Prem Baba e a perversidade do predador em pele de curandeiro

As pessoas que buscam o guru espiritual Prem Baba, de 52 anos, querem melhorar suas vidas. Alguns têm problemas psicológicos como depressão e ansiedade, outros sentem que perderam o propósito. Pessoas muito vulneráveis vão a seus retiros atrás de paz e significado.

Prem Baba foi acusado de abusar sexualmente de duas de suas seguidoras. Ele não nega o envolvimento.

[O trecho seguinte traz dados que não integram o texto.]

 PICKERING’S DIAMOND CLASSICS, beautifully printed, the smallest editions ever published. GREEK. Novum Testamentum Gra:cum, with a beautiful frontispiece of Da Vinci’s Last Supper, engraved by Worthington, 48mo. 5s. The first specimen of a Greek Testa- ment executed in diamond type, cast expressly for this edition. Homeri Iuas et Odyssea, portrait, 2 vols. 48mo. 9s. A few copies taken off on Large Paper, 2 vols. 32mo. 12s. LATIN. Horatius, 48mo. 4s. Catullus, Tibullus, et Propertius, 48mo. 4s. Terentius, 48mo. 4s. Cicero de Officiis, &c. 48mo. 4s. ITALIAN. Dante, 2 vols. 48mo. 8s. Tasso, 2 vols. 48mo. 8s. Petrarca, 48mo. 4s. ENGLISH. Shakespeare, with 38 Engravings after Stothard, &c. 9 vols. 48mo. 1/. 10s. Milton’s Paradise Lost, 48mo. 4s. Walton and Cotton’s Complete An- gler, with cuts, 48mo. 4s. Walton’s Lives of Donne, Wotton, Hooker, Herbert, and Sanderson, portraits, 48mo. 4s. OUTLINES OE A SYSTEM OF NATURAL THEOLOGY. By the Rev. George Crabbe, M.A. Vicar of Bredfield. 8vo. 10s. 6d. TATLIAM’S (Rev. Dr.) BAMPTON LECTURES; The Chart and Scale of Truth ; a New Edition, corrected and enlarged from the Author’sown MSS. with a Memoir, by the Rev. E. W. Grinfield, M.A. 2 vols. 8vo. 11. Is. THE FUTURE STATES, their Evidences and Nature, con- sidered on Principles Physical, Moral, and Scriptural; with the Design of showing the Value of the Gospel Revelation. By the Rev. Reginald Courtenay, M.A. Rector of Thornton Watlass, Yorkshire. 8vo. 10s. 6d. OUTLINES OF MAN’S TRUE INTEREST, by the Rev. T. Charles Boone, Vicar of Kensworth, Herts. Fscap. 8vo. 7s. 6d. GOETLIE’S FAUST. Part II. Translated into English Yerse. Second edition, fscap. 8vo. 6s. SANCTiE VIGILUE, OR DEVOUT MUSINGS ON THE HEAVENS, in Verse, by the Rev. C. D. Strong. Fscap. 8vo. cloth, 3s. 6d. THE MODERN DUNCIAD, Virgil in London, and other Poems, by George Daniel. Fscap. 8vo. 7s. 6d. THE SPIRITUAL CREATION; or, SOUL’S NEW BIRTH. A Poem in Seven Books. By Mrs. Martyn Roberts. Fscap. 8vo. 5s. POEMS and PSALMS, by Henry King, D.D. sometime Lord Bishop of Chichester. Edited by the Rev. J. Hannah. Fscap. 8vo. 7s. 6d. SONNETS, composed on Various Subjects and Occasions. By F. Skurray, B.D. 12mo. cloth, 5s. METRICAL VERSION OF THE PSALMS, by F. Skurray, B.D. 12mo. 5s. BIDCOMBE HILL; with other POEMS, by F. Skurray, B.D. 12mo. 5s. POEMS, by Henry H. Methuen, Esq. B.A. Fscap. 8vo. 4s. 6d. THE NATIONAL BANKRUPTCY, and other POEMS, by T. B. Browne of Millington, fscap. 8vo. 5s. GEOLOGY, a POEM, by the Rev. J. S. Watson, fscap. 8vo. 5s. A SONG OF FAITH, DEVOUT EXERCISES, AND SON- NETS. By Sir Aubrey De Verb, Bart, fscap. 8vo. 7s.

Os detalhes da denúncia feita pelo ex-marido de uma delas (leia no link para a coluna de Mônica Bergamo) são de fazer Krishna querer quebrar sua flauta sagrada de raiva.

O guru pop, que é recomendado com fervor por celebridades como Bruna Lombardi e Reynaldo Gianecchini, não seria o primeiro líder espiritual a cometer o que é, a meu ver, um dos crimes mais cruéis que se pode praticar: o abuso cometido por figuras de autoridade dentro de cultos e religiões.

A igreja católica refinou esta prática e a transformou em uma de suas principais marcas. No Brasil, pastores neopetencostais são denunciados e presos com frequência. Nesta semana, o pastor Justino Ireno da Costa, de Cuiabá, foi preso por abusar de 10 crianças em um bairro carente da cidade. Outro, de São Luis, foi preso pelo estupro de uma menina de 11 anos enquanto tentava fugir pelo aeroporto Santos Dumont.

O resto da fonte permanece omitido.